Source records
===============

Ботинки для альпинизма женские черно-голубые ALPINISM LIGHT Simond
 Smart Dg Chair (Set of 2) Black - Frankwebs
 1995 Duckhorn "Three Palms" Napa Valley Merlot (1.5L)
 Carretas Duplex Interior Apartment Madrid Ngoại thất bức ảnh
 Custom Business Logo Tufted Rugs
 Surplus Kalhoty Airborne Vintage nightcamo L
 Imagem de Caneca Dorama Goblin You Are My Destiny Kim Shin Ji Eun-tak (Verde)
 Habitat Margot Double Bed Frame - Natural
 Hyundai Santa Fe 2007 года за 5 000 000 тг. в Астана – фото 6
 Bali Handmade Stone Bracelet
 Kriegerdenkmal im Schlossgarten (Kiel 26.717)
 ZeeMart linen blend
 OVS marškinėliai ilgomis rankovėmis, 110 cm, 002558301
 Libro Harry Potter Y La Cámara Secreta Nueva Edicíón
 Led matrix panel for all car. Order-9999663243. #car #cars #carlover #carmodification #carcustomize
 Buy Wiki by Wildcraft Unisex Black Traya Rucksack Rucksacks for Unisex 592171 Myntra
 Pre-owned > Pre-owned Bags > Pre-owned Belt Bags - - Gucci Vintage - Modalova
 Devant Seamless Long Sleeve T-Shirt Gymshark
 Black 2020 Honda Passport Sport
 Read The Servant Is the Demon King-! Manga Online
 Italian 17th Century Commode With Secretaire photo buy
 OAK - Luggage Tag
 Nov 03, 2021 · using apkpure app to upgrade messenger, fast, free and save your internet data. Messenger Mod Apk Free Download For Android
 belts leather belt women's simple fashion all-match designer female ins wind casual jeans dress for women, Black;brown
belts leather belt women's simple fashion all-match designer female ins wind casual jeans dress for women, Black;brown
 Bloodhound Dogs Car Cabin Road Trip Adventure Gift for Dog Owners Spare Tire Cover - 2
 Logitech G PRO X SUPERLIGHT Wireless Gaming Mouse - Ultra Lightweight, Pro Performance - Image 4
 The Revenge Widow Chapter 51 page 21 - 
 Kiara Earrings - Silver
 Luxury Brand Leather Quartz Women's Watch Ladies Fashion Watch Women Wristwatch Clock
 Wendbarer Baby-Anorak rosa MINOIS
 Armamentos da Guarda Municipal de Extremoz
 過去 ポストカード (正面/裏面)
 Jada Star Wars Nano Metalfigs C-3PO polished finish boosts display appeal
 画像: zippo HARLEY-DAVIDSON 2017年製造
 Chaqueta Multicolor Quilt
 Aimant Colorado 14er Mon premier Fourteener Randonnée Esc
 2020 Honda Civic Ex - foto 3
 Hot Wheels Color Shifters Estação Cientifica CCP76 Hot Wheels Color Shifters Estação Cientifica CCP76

===============

TO DO
Return the full data above, line for line.

EXPECTED ANSWER
Ботинки для альпинизма женские черно-голубые ALPINISM LIGHT Simond
 Smart Dg Chair (Set of 2) Black - Frankwebs
 1995 Duckhorn "Three Palms" Napa Valley Merlot (1.5L)
 Carretas Duplex Interior Apartment Madrid Ngoại thất bức ảnh
 Custom Business Logo Tufted Rugs
 Surplus Kalhoty Airborne Vintage nightcamo L
 Imagem de Caneca Dorama Goblin You Are My Destiny Kim Shin Ji Eun-tak (Verde)
 Habitat Margot Double Bed Frame - Natural
 Hyundai Santa Fe 2007 года за 5 000 000 тг. в Астана – фото 6
 Bali Handmade Stone Bracelet
 Kriegerdenkmal im Schlossgarten (Kiel 26.717)
 ZeeMart linen blend
 OVS marškinėliai ilgomis rankovėmis, 110 cm, 002558301
 Libro Harry Potter Y La Cámara Secreta Nueva Edicíón
 Led matrix panel for all car. Order-9999663243. #car #cars #carlover #carmodification #carcustomize
 Buy Wiki by Wildcraft Unisex Black Traya Rucksack Rucksacks for Unisex 592171 Myntra
 Pre-owned > Pre-owned Bags > Pre-owned Belt Bags - - Gucci Vintage - Modalova
 Devant Seamless Long Sleeve T-Shirt Gymshark
 Black 2020 Honda Passport Sport
 Read The Servant Is the Demon King-! Manga Online
 Italian 17th Century Commode With Secretaire photo buy
 OAK - Luggage Tag
 Nov 03, 2021 · using apkpure app to upgrade messenger, fast, free and save your internet data. Messenger Mod Apk Free Download For Android
 belts leather belt women's simple fashion all-match designer female ins wind casual jeans dress for women, Black;brown
belts leather belt women's simple fashion all-match designer female ins wind casual jeans dress for women, Black;brown
 Bloodhound Dogs Car Cabin Road Trip Adventure Gift for Dog Owners Spare Tire Cover - 2
 Logitech G PRO X SUPERLIGHT Wireless Gaming Mouse - Ultra Lightweight, Pro Performance - Image 4
 The Revenge Widow Chapter 51 page 21 - 
 Kiara Earrings - Silver
 Luxury Brand Leather Quartz Women's Watch Ladies Fashion Watch Women Wristwatch Clock
 Wendbarer Baby-Anorak rosa MINOIS
 Armamentos da Guarda Municipal de Extremoz
 過去 ポストカード (正面/裏面)
 Jada Star Wars Nano Metalfigs C-3PO polished finish boosts display appeal
 画像: zippo HARLEY-DAVIDSON 2017年製造
 Chaqueta Multicolor Quilt
 Aimant Colorado 14er Mon premier Fourteener Randonnée Esc
 2020 Honda Civic Ex - foto 3
 Hot Wheels Color Shifters Estação Cientifica CCP76 Hot Wheels Color Shifters Estação Cientifica CCP76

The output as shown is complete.